Es gibt eine alte Zirkusregel: Es ist immer schwierig, nach der Tiernummer aufzutreten. Was ist schon an einem Jongleur so beeindruckend, wenn man gerade einen Haufen fauchender Löwen gesehen hat? Für Hillary Clinton, die am Donnerstagabend zum Abschluss des demokratischen Wahlparteitags auftrat, gilt diese Regel nicht weniger.
Seit Tagen reden in Philadelphia die Löwen und Löwinnen: Bernie Sanders, Michelle Obama, Bill Clinton, Joe Biden, Barack Obama - allesamt erstklassige Redner, verehrt von der Partei und, da hilft kein Drumherumreden, weit beliebter bei den Wählern als Hillary Clinton. Das macht es für die demokratische Präsidentschaftskandidatin nicht leichter, die für sie bisher wichtigste Rede des Wahlkampfs zu halten.
Clintons Erfahrung gegen Trumps Gepolter
Man merkte der Rede an, dass Donald Trump die Demokraten mit seinem düsteren, fast apokalyptischen Bild von Amerika in die Ecke gedrängt hat. Die Unzufriedenheit und Verunsicherung im Land ist spürbar, sie ist für die Wahlforscher messbar, das weiß Clintons Team. Die Kandidatin konnte diese Gefühle nicht ignorieren, aber sie muss, um sich von Trump abzusetzen, andere Lösungen anbieten: Zusammenhalt statt Spaltung, Erfahrung und Gelassenheit statt Gepolter und Gepluster.
Genau das versucht Clinton in Philadelphia. "Wir wissen genau, mit was unser Land zu kämpfen hat", sagt sie. "Aber wir haben keine Angst.
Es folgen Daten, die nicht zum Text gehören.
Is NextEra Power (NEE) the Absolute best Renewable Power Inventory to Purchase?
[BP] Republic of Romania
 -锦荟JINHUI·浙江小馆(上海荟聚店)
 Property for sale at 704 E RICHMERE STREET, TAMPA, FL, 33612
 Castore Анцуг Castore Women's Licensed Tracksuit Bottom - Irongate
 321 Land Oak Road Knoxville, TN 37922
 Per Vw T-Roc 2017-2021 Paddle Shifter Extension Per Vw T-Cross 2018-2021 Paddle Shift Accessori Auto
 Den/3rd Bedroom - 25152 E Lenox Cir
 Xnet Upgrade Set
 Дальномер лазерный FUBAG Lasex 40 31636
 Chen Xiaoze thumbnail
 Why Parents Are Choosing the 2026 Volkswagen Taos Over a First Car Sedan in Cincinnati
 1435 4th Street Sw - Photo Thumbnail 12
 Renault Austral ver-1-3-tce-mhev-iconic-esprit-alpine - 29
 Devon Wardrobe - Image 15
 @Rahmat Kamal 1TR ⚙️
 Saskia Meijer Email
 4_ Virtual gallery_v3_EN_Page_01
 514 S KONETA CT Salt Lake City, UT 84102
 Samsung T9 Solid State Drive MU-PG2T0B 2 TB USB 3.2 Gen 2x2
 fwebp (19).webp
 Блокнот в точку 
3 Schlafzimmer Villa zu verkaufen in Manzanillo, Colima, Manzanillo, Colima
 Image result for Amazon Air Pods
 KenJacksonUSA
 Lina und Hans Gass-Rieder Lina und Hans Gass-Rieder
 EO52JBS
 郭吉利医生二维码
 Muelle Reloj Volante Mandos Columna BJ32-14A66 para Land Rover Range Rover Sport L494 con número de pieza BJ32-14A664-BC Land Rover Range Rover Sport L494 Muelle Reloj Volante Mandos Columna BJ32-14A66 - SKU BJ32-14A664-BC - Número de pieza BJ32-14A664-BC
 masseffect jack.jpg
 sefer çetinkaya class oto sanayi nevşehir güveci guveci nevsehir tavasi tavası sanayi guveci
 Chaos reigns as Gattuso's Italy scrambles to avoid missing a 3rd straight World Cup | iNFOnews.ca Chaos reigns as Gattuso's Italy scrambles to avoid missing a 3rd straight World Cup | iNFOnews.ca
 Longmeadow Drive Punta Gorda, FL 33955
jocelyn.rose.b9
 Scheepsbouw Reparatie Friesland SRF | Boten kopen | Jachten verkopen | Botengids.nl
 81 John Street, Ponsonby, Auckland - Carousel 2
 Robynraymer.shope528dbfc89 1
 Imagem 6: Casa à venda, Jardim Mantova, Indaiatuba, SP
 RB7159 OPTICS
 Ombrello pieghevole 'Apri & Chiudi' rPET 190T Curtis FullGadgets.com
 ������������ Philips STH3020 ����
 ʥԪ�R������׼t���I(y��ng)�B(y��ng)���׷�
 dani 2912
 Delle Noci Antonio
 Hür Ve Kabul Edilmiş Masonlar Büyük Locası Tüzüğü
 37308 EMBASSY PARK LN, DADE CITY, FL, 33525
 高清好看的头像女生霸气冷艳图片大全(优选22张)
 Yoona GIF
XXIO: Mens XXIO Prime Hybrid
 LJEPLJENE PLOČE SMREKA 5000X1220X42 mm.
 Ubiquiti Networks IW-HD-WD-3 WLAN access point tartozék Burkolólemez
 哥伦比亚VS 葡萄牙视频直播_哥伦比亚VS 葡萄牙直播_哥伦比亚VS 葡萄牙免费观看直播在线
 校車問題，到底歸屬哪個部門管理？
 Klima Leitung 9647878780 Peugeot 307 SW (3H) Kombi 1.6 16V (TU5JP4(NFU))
Wir werden die Herausforderungen annehmen, so wie wir es immer getan haben."
Auch Clinton spricht über die Bedrohung durch islamistische Terroristen. Doch Amerika müsse sich entscheiden, zusammenzustehen, sagt sie - "stronger together", vereint ist Amerika stärker. Das ist das Motto ihres gesamten Wahlkampfs. Dass sie den Republikaner-Bewerber Trump und dessen "Nur ich allein kann alle Probleme lösen"-Haltung für gefährlich und unamerikanisch hält, das macht sie in vielen Angriffen klar.
Das Glaubwürdigkeitsproblem bleibt
Wie viel am Ende von der Rede wirklich beim Wähler ankam, ist freilich völlig offen. Wenn Hillary Clinton verspricht, dass sie sich als Präsidentin endlich auch um all die Abgehängten und Vergessenen kümmern werde, um die entlassenen Stahlarbeiter und Kohlekumpel, dann klingt das doch sehr nach Wahlkampfphrasen.
Schließlich macht Clinton seit drei Jahrzehnten Politik. Nichts hätte sie gehindert, sich früher um die Verlierer der Globalisierung zu kümmern. Jetzt, wo diese Menschen in Scharen zu den Republikanern überlaufen, könnte es zu spät sein.